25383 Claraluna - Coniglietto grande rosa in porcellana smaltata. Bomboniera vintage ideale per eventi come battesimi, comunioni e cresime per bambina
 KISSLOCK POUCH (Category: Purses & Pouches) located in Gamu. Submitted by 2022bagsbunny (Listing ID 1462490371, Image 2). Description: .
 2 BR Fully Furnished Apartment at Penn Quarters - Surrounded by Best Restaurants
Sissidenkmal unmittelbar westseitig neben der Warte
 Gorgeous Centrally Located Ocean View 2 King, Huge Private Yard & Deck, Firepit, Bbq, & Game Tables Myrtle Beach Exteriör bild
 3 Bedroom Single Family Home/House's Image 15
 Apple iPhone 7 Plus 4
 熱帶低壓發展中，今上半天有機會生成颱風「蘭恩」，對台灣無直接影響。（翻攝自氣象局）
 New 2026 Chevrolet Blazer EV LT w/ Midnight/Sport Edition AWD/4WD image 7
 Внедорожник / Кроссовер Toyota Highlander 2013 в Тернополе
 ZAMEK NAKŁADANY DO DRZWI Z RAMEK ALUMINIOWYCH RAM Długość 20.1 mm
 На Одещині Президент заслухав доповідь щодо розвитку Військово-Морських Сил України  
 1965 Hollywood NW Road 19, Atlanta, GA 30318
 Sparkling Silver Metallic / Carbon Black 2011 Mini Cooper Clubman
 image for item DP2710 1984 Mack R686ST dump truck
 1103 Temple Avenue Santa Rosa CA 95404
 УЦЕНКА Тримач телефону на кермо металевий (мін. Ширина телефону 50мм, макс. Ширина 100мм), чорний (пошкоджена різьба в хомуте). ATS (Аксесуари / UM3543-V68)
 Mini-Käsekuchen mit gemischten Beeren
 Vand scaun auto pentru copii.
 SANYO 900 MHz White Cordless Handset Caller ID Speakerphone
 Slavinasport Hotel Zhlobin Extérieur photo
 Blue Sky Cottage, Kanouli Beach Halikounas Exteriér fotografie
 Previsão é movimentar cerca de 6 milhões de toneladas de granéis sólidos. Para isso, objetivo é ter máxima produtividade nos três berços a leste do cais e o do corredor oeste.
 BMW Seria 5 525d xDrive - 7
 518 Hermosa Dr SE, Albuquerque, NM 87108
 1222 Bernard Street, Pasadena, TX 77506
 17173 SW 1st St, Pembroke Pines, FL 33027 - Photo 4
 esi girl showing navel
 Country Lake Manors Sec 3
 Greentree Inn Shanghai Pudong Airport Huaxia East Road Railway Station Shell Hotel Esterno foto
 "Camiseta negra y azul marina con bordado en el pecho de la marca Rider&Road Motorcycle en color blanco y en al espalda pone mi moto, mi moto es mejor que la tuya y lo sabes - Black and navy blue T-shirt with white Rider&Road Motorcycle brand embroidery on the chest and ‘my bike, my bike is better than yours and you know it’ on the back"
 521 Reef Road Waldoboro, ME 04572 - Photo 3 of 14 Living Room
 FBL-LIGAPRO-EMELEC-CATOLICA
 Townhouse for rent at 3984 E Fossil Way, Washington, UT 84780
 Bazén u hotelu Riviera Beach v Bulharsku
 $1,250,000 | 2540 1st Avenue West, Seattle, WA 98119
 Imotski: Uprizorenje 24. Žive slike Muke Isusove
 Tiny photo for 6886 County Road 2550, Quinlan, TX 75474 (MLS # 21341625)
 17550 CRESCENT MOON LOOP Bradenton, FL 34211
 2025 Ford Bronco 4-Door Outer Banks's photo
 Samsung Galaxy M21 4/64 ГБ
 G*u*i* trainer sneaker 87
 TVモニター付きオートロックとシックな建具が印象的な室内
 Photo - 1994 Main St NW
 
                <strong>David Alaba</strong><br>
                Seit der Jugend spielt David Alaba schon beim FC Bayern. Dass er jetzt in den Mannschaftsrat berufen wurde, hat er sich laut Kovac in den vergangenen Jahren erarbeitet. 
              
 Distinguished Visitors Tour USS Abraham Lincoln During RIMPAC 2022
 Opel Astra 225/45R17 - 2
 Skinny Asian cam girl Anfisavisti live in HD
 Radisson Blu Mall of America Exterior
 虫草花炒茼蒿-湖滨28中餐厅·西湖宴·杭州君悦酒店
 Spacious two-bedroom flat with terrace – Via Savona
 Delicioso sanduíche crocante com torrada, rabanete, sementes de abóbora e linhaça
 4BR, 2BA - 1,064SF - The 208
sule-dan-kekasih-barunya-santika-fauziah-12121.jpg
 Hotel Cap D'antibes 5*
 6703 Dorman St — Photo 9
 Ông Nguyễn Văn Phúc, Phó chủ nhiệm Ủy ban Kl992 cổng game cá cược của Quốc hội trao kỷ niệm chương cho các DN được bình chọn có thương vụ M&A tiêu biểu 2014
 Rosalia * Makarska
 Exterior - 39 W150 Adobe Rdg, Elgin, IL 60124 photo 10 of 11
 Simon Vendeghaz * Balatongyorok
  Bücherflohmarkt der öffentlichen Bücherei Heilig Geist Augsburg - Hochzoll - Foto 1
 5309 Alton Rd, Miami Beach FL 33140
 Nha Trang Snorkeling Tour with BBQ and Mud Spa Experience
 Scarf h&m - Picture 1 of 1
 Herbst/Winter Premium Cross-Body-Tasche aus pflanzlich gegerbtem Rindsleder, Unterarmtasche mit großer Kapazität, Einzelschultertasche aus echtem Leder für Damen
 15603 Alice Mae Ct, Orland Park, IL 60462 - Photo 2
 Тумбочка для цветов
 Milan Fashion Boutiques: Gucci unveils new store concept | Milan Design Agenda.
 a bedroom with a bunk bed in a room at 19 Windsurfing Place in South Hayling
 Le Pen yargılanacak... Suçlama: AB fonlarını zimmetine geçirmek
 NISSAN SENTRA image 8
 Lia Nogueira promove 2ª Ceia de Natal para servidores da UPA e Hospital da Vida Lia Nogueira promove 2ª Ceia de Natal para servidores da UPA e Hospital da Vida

▶ [Description of the task]
Look through the material above and print exactly the lines from the one containing "Opel Astra 225/45R17 - 2" to the one containing "6703 Dorman St — Photo 9", both included, and nothing more.

▶ [Reply]
 Opel Astra 225/45R17 - 2
 Skinny Asian cam girl Anfisavisti live in HD
 Radisson Blu Mall of America Exterior
 虫草花炒茼蒿-湖滨28中餐厅·西湖宴·杭州君悦酒店
 Spacious two-bedroom flat with terrace – Via Savona
 Delicioso sanduíche crocante com torrada, rabanete, sementes de abóbora e linhaça
 4BR, 2BA - 1,064SF - The 208
sule-dan-kekasih-barunya-santika-fauziah-12121.jpg
 Hotel Cap D'antibes 5*
 6703 Dorman St — Photo 9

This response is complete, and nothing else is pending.